Sustum, sırtımı döndüm odaya, pencereden uzun uzun seyrettim Osmanbey’in kalabalığını. Gerisini içime anlattım, "Tarık abinin o ağlayışı hiç çıkmadı aklımdan, ne vakit birine bir kötülük edecek olsam, o gelirdi gözümün önüne. Bir de o gece var, o gece de gördüm ben o ışıkları. Yemyeşil, hare hare, dalga dalga…"
Uzun sürer suskunluğum. Bekler Turgut beni.
Aniden yüksek sesle,
"Anlatmış mıydım?

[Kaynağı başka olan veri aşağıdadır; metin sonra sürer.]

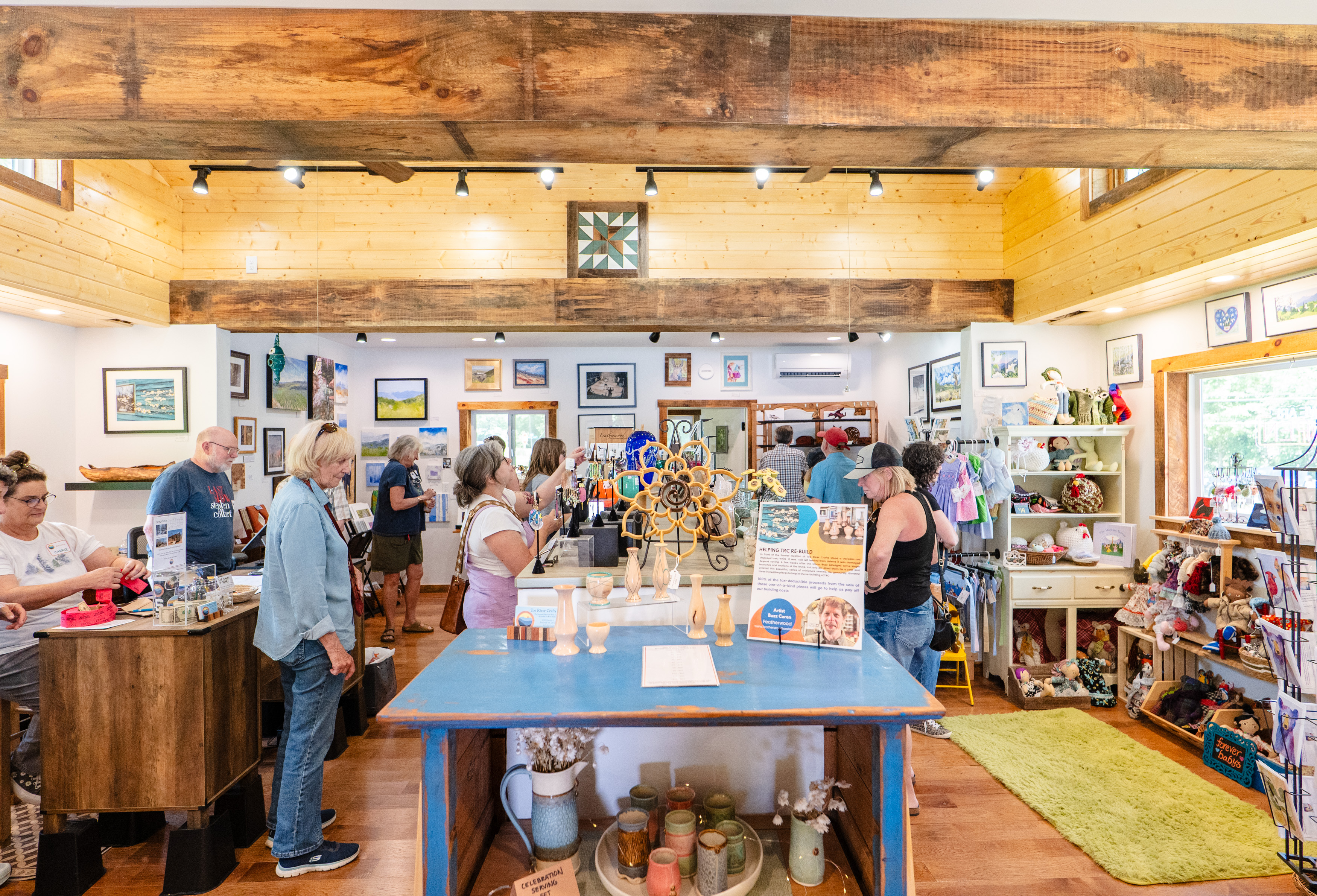 Customers shop the selection of various works from local artists inside Toe River Crafts.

Son on yıldır, kuzey ışıklarını görmeye gidiyorum, ışıkların peşi sıra gezmediğim ülke, şehir kalmadı. Rusya’da Murmansk, Salekhard, Severodvinsk, Norveç’de Alta, Andøya, Bødø, Finnmark, Hamm, İsveç’de Abisko, Björkliden, Jukkasjärvi, Kiruna, Alaska’ya bile gittim. Sayısız kez gördüm aurora. Kesinlikle büyüleyici. Ama hiç biri Osman amcanın anlattığı, Turgut abinin bana vurduğu anda gözümde canlanan ışıklara benzemiyordu. O gecekine ise hiç…"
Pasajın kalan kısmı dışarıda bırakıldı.